62 Data Management

You can use the Data Management pages to manage the storage space for Insights data that has been generated by the skills on your Oracle Digital Assistant instance.

For instances provisioned with the Development shape, you're allotted 40GB of storage. For instances provisioned with the Production shape, you're allotted 100GB of storage. Insights reporting stops when this storage has been depleted, so you can ensure that Insights reporting continues by using the Data Management pages to monitor storage availability and free up space by exporting data to an archive file before purging it, or by simply purging it. You can perform archive and purge tasks manually, or schedule these tasks based on the document retention period that’s designated by your documentation retention policy.

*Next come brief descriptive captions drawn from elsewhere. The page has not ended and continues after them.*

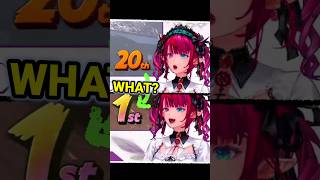 One Move Was All It Took for IRyS to Jump from 20th to 1st! [Hololive | IRyS]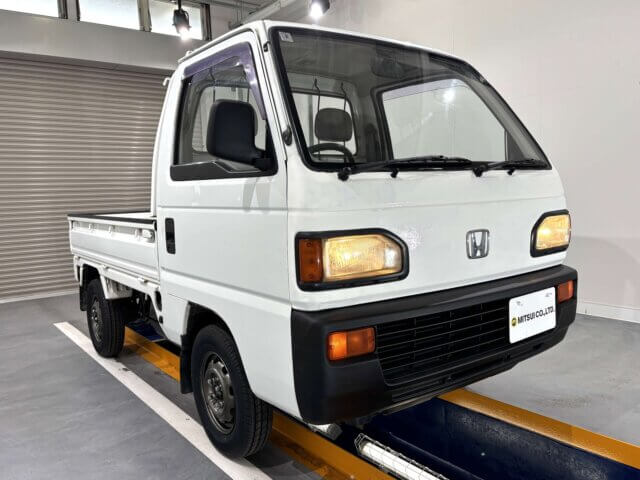 1991 HONDA ACTY TRUCK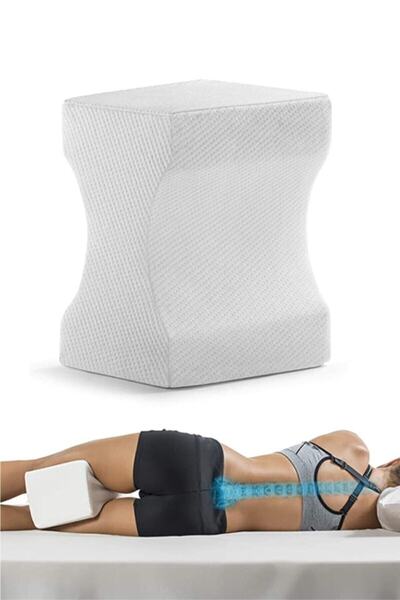 Ankaflex وسادة فيسكو وسادة نوم لتقويم العظام بين الساقين وسادة داعمة لتقويم ا...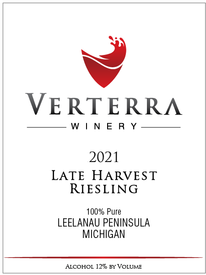 2021 Late Harvest Riesling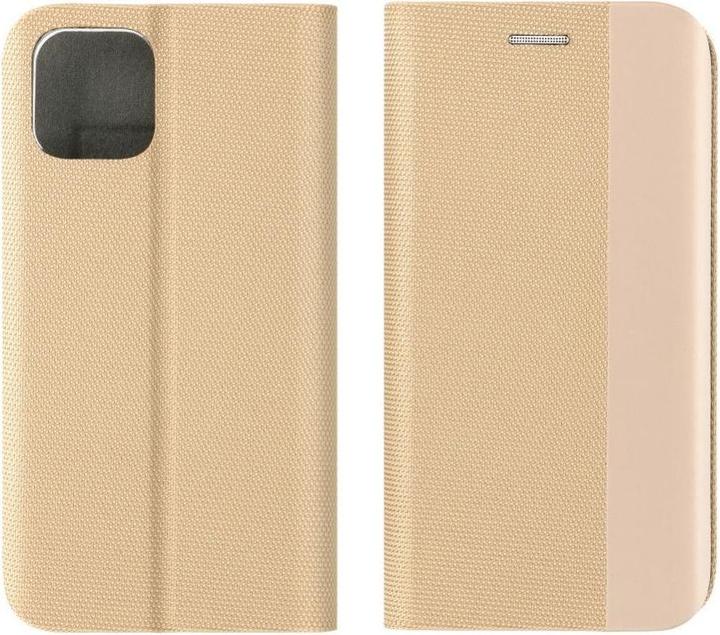 Immagine prodotto OEM Cases SENSITIVE Book case for SAMSUNG S24 Plus gold (Samsung Galaxy S24+)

You can access Data Management by first clicking Settings in the left navbar then by clicking Data Management. Here’s how you use the Data Management pages:
  • Monitor – Check for data usage threshold alerts and monitor capacity.
  • Manage – Manually purge and archive data, check the status of archive and purge tasks that have either been triggered manually or automatically, and view the history or archive and purge tasks
  • Auto Purge Preference – Implement your organization’s document retention policy by automating the archive and purge tasks related to the documentation retention period.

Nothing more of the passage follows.